We don't have the original file name of an action when reading a checkpoint. So we cannot sort by the json files. If you propose to add the original file name of an action into the checkpoint files, what should we do with the existing tables not having such information?

We make sure the checkpoint's action is ordered. Every time to generate checkpoint, it will append current snapshot.activeFiles, If the activeFiles always order, the content of checkpoint is always ordered.
But there is a not sure point, the snapshot differ action as setTransactions, tombstones, activeFiles, maybe we can't ensure the order between setTransactions, tombstones, activeFiles.

Hi @horizonzy - we would need all clients to do this. Else, when you read a checkpoint, you wouldn't know which client wrote it and if it is sorted. Enforcing all clients to do this would be a protocol change.

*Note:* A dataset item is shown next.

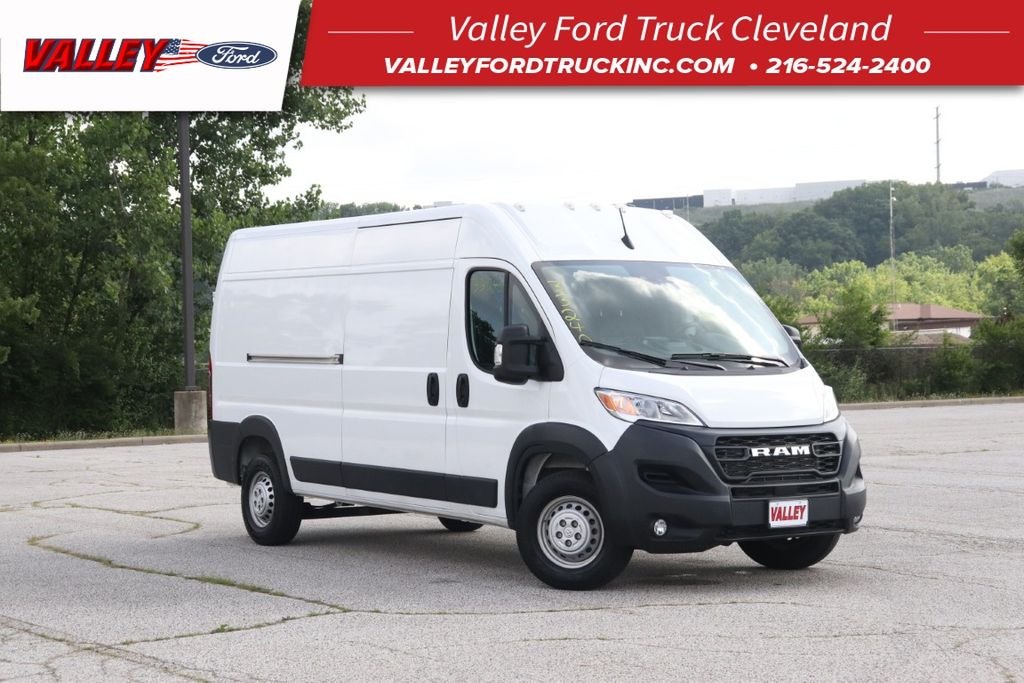 2026 RAM ProMaster Window Van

We are allowed to propose new protocol changes, but I think you'd have to really argue your case. What benefit do we get from this?

I want to filter particular AddFile to read data. I will apeend tag to AddFile, likes (start:0, end:100), that means this AddFile contains the data which is from 0 to 100. If I want to fetch data 50, The AddFile(start:0, end: 100) contains the data I want, then I read the data from AddFile.getPath().

After I read the source code, I find out that it is not work. Although the AddFile is ordered, it still need check the AddFile tag one by one. If there are lots of AddFile (million level), it is inefficient.

I think it should add some index info to search target AddFile faster.

@horizonzy can you partition your data? We provide snapshot.scan(Expression) APIs to let you partition prune.

The snapshot.scan(Expression) also check AddFile one by one, it check if AddFile partitionValues is match the expression, it's also inefficient.

We are discussing the new topic about AddFile scanning in https://delta-users.slack.com/archives/CJ70UCSHM/p1663156471536779

@horizonzy what if we added an API/config that sorted the data on read? also, what would be sort it by?